This post is way overdue but I also wanted our market season to end so I could update two related things at once.  If you read an earlier post from about six months ago, I wrote that Darrold figured out that his increasingly debilitating illness was due to gluten intolerance and that we had searched for a wheat that he could eat.  That turned out to be Turkey Red Heritage Wheat.  We have been eating it as our exclusive wheat since then and I’m thrilled to report that his aches, lethargy, sinus and gastrointestinal symptoms all have gone away.  He continues to limit the amount he eats to one or two slices of bread a day but he’s also been making some outstanding pasta from it.  I had no expectations about any positive affects that it would have on me but I realized after a few months that my joint pain was all but gone. I had gotten to the point that I could barely open a jar lid because my thumb joints were so sore, and I had a middle finger knuckle that was large, red and sore.  It’s still larger than the others but no longer red or sore.  I also had a lot of shoulder and arm muscle pain that also is gone. 

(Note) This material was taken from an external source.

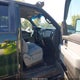 1FTFX1EFXDFA44180 2013 Ford F-150 Xlt auction photo thumbnail 5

We put up an attention-getting sign at our markets that read, Gluten Intolerance?  Let’s Talk Turkey Red Wheat.  It caused so many people to stop either because they have it or know someone who does.  Subsequently, we have sold hundreds of pounds of it to people who thought they never could eat wheat again.  In a two-week span we had three customers who all wanted to make a good pie crust.  All of them came back to tell us how good their pies were and they were able to eat them without symptoms.  Many of our customers now are repeat customers. People rave about the taste of the flour and say it tastes like wheat.  Modern wheat doesn’t once you’ve tried this.  We have a good number of customers who are not gluten intolerant but find it’s such a superior flour in both taste and baking properties.  It surely has been a wonderful find for filling the void left by the absence of wheat from our diets.  So many people have found that it’s true that there is a vast middle ground between eating modern wheat and eating gluten-free.  It’s called Turkey Red Heritage Wheat.  We have it in Whole Wheat, Bolted (most of the bran removed but everything else intact) and Refined (an incredibly white flour that hasn’t been bleached or bromated, and with the texture of cornstarch).  Now if we can just convince doctors, alternative providers and dietiticians that not everyone has to go gluten-free.  We’re beginning to see it happen a little now that their patients are telling of their successes.